*Prompt*
Reproduce exactly the span of lines beginning at the one with "Продается студия, 18,8 м²" and ending at the last line of the data below, omitting pictures.

*Input for this task*
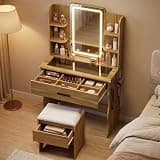 Ball & Cast Vanity Desk with Mirror and Lights,Small Vanity Desk W/Storage Drawer & Storage Chair,Makeup Table W/Power Outlet,4 Shelves,Hair Dry Rack & Transparent Top,3 Lighting Modes,Natural Oak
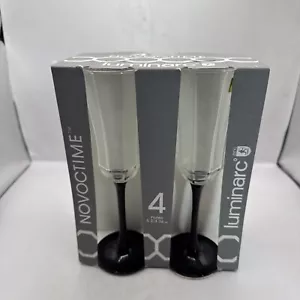4 bicchieri da vino vintage LUMINARC NOVOCTIME cristallo stelo nero flauti champagne (j) - Foto 1 di 6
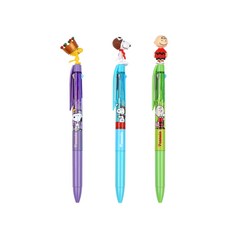 韓國 hM PLUS Peanuts 史努比公仔3色原子筆3入組 B款 0.5mm, 飛行史努比, 查理, 糊塗塌客, 1套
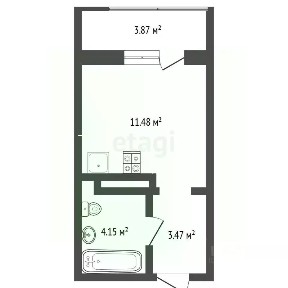 Продается студия, 18,8 м²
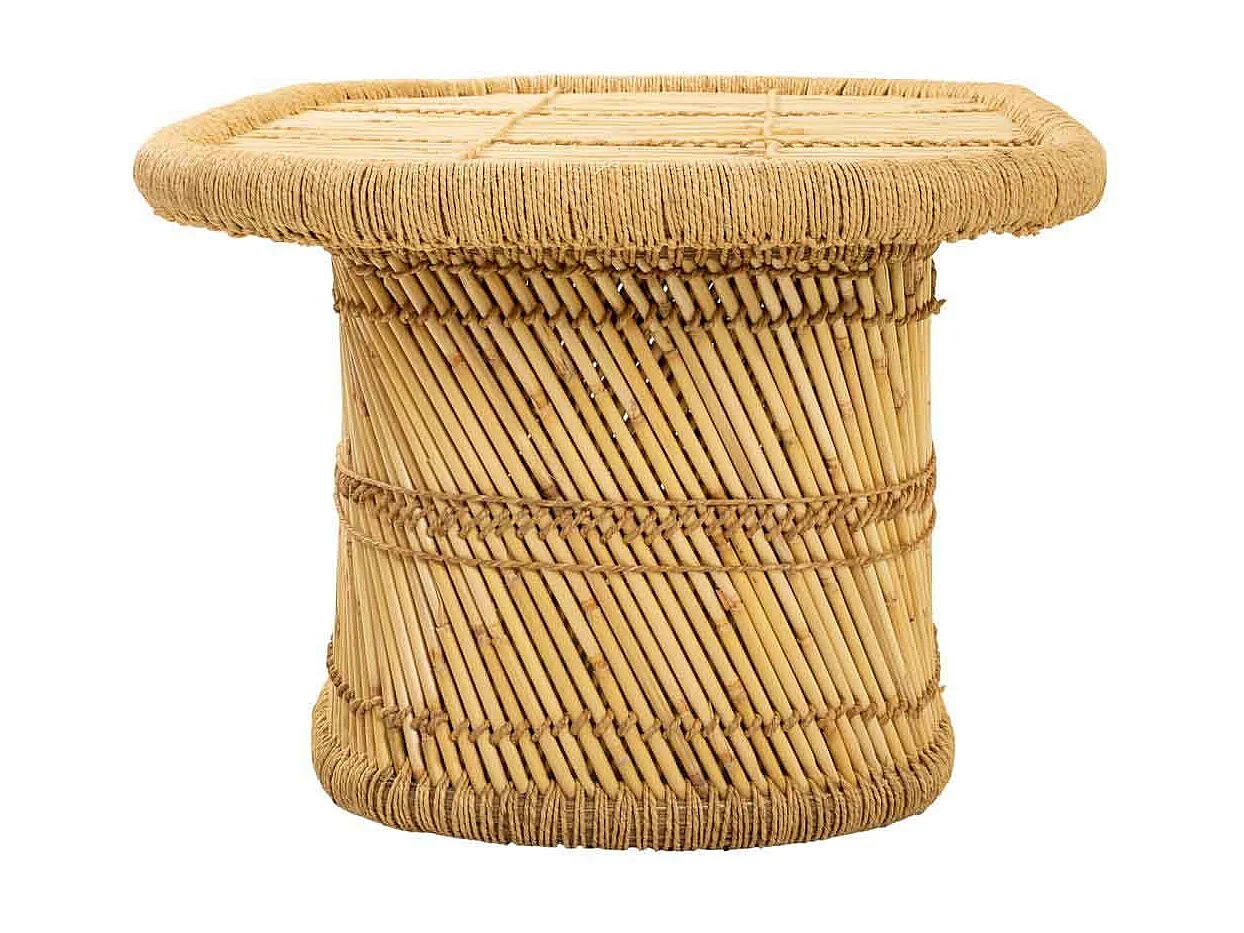 Table d'appoint en bambou marron 102x65x45h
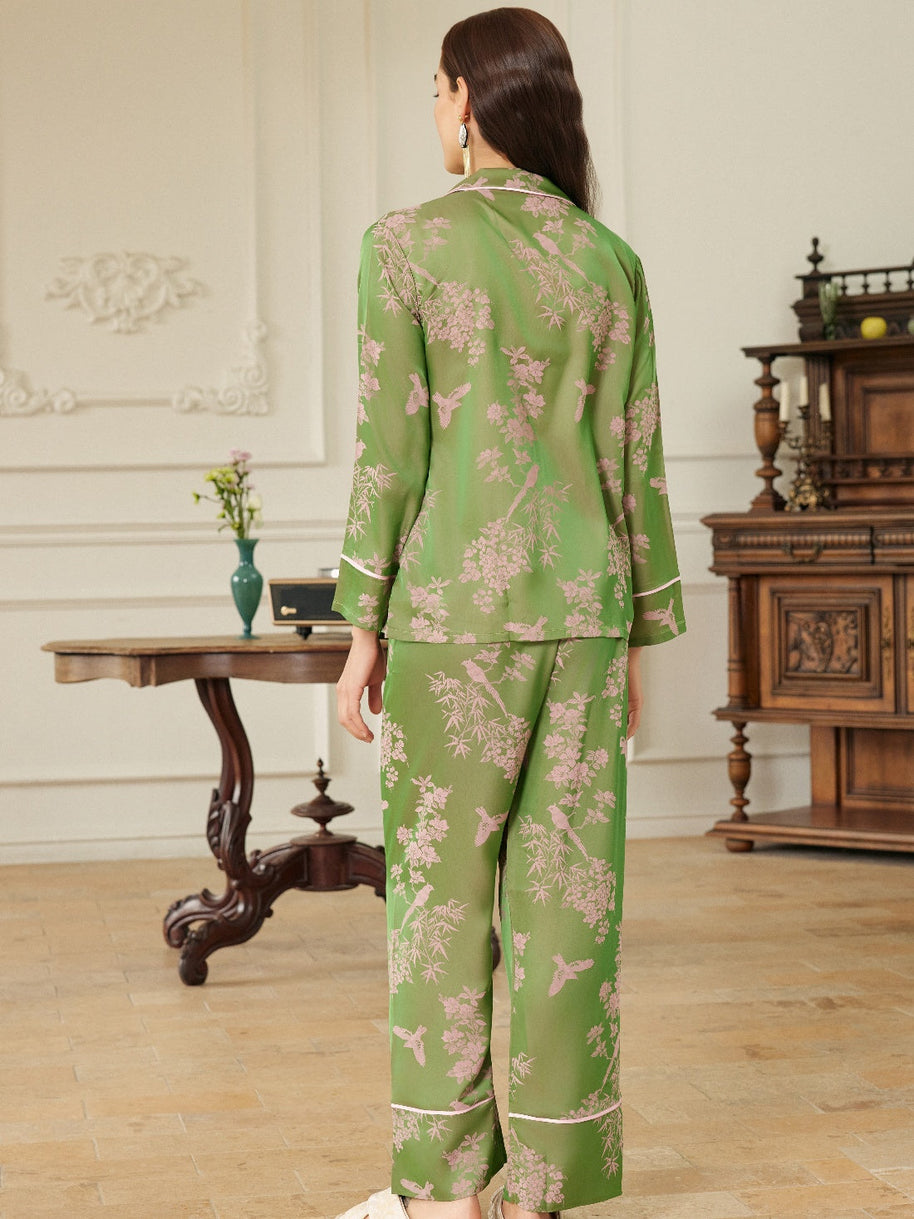 Ulivary Elegant Pink Green Oriental Pajama Set With Asymmetrical Collar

*Exercise response*
 Продается студия, 18,8 м²
 Table d'appoint en bambou marron 102x65x45h
 Ulivary Elegant Pink Green Oriental Pajama Set With Asymmetrical Collar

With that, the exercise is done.